* _Your goal_
When a record contains an image, skip the image and retype the rest of that record exactly.

━━━━━ Source data ━━━━━

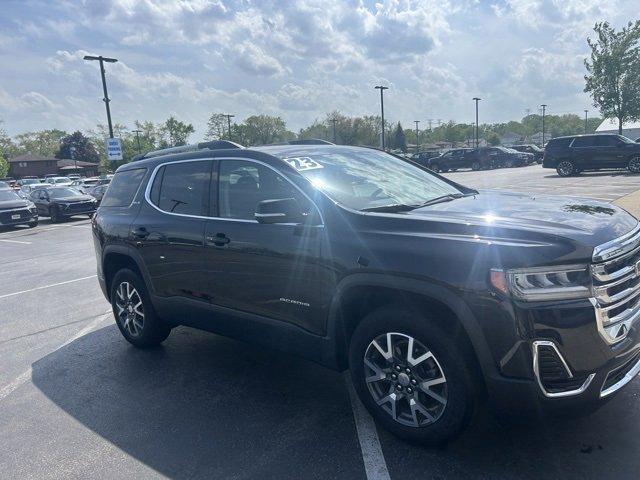 used 2023 GMC Acadia car, priced at $30,148
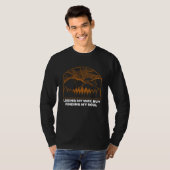 Finding My Soul Hiking Motivational Quote Hiker T-shirt (Voorkant volledig)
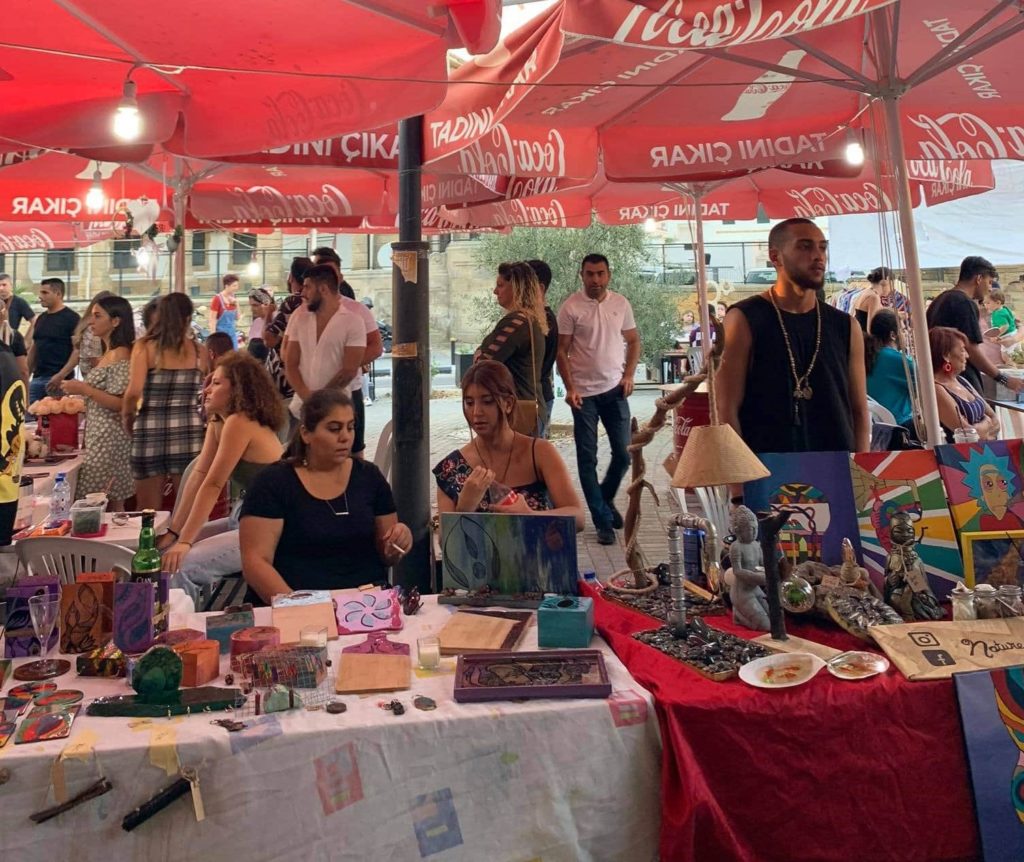 Dün akşam üretim etkinliği yapıldı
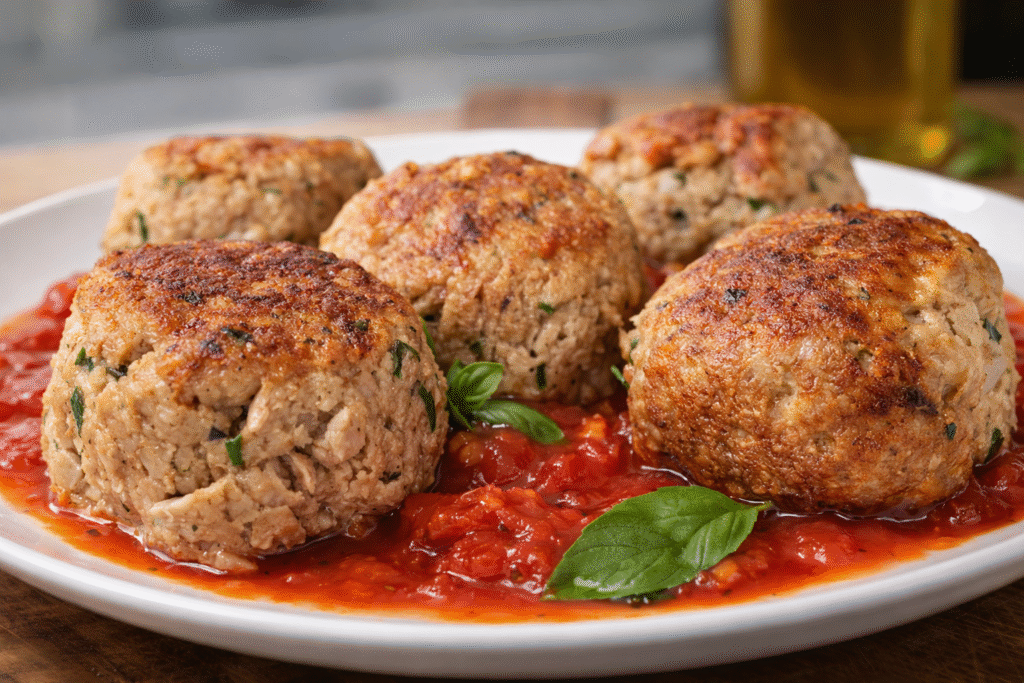 almondegas-de-atum-do-chef-pv-show-2-1024x683 Almôndega de Atum: Receita Fácil, Saudável e Diferente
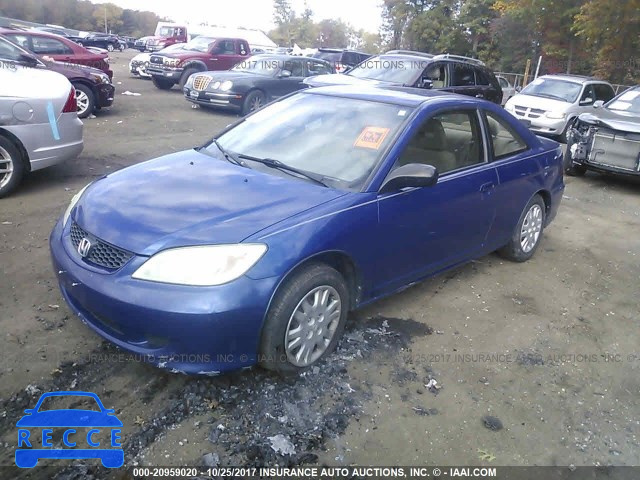 2004 Honda Civic 1HGEM22594L084677 Bild 1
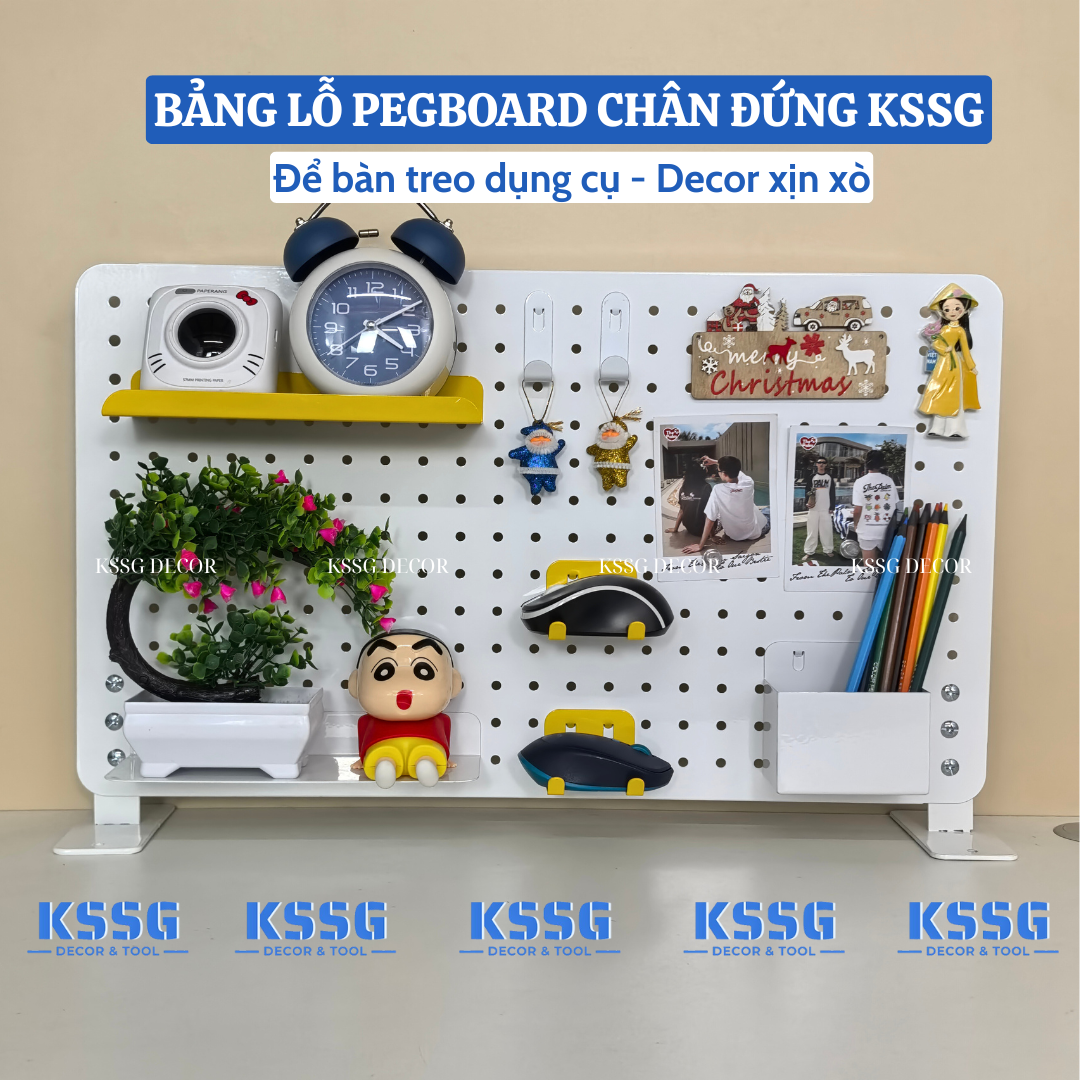 Bảng Pegboard Chân Đứng Bảng Pegboard Chân Đứng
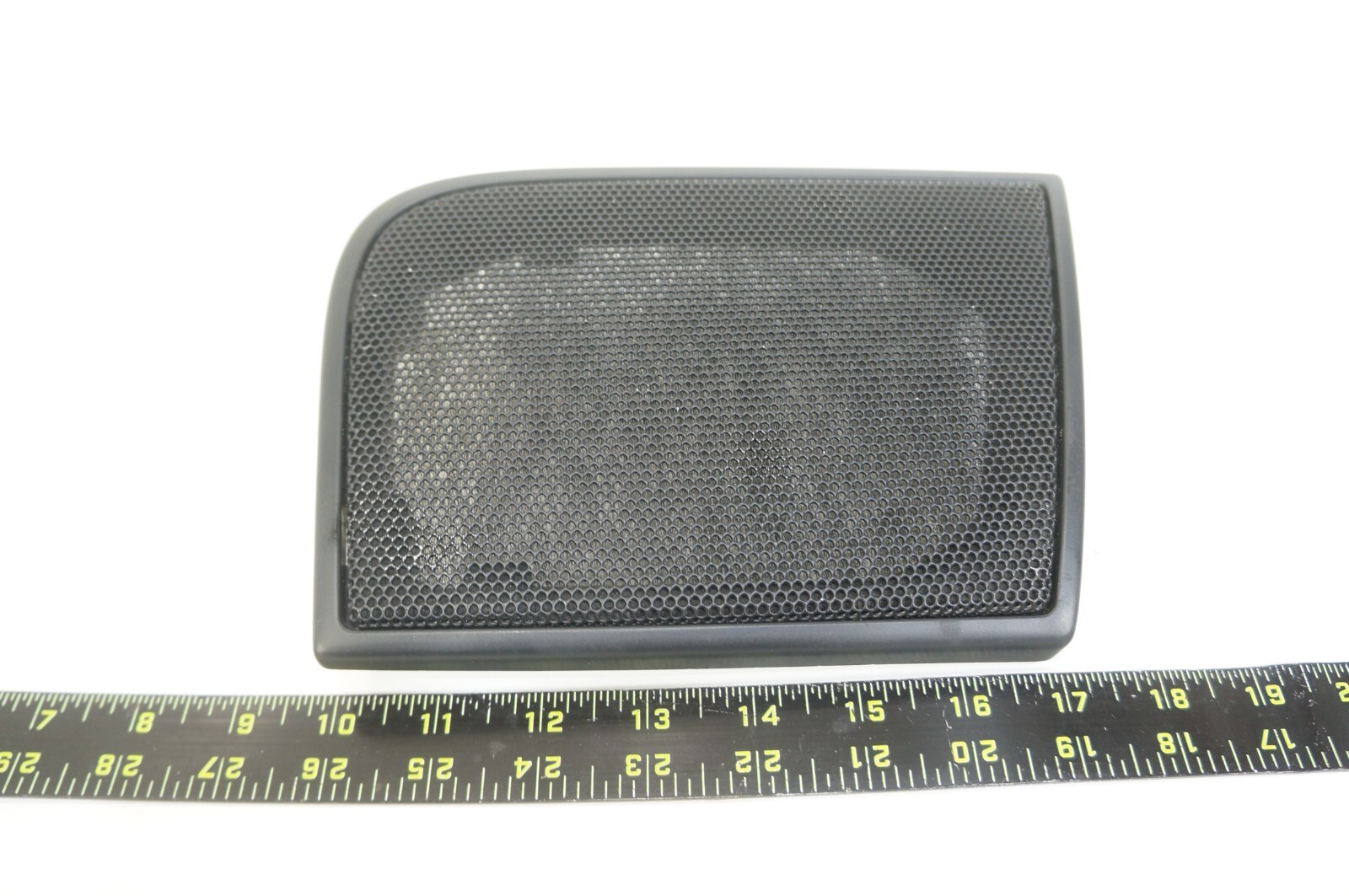 06-12 Bentley Flying Spur REAR Left Side Door Speaker Cover Grille Black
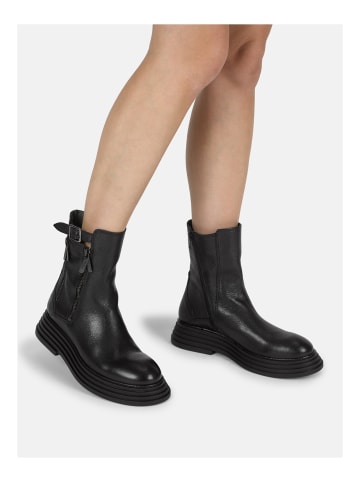 Felmini Stiefelette in Schwarz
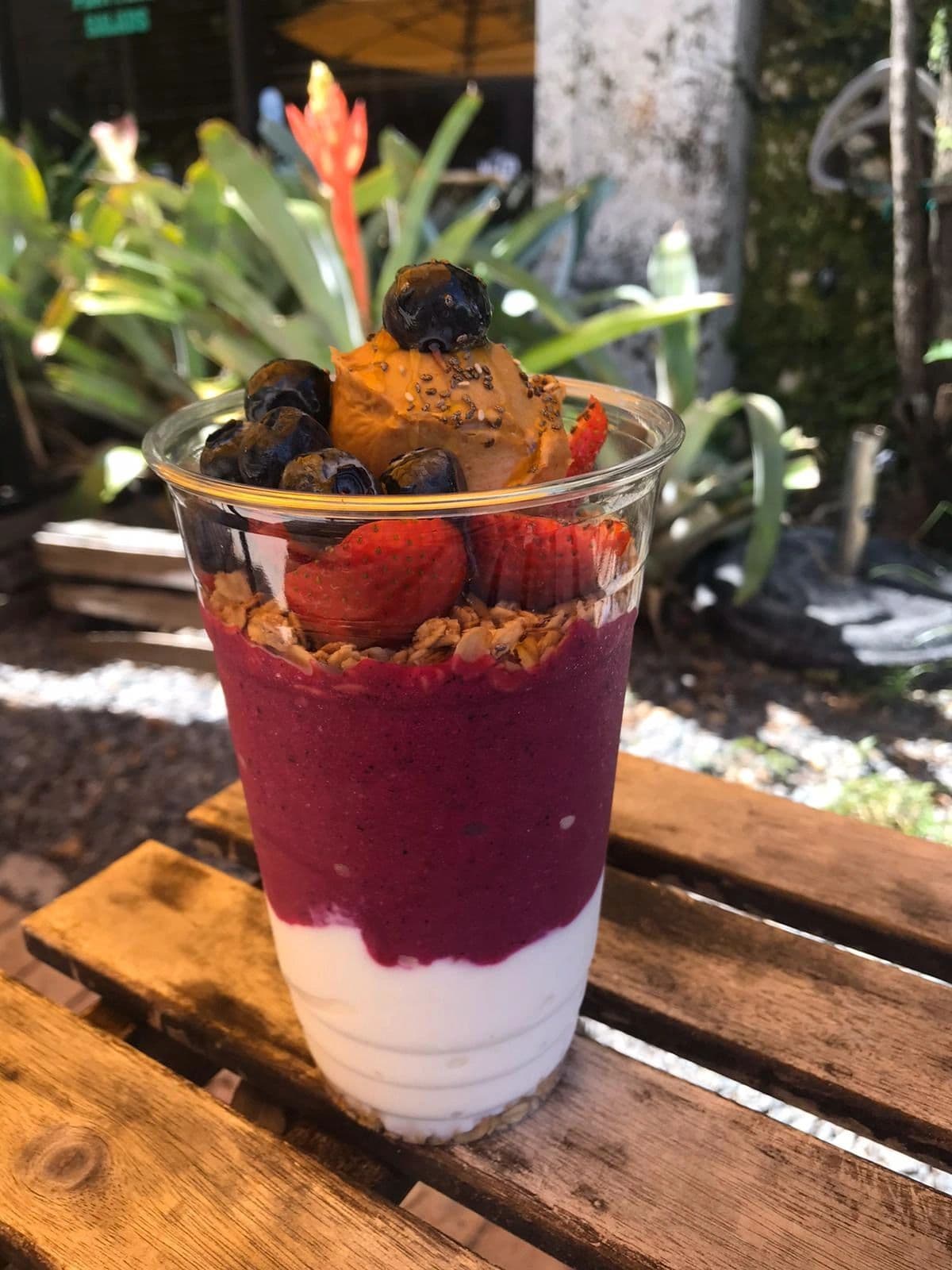 Super Smoothies — Banana Berry, Coral Gables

━━━━━

* _Written solution_
 used 2023 GMC Acadia car, priced at $30,148
 Finding My Soul Hiking Motivational Quote Hiker T-shirt (Voorkant volledig)
 Dün akşam üretim etkinliği yapıldı
 almondegas-de-atum-do-chef-pv-show-2-1024x683 Almôndega de Atum: Receita Fácil, Saudável e Diferente
 2004 Honda Civic 1HGEM22594L084677 Bild 1
 Bảng Pegboard Chân Đứng Bảng Pegboard Chân Đứng
 06-12 Bentley Flying Spur REAR Left Side Door Speaker Cover Grille Black
 Felmini Stiefelette in Schwarz
 Super Smoothies — Banana Berry, Coral Gables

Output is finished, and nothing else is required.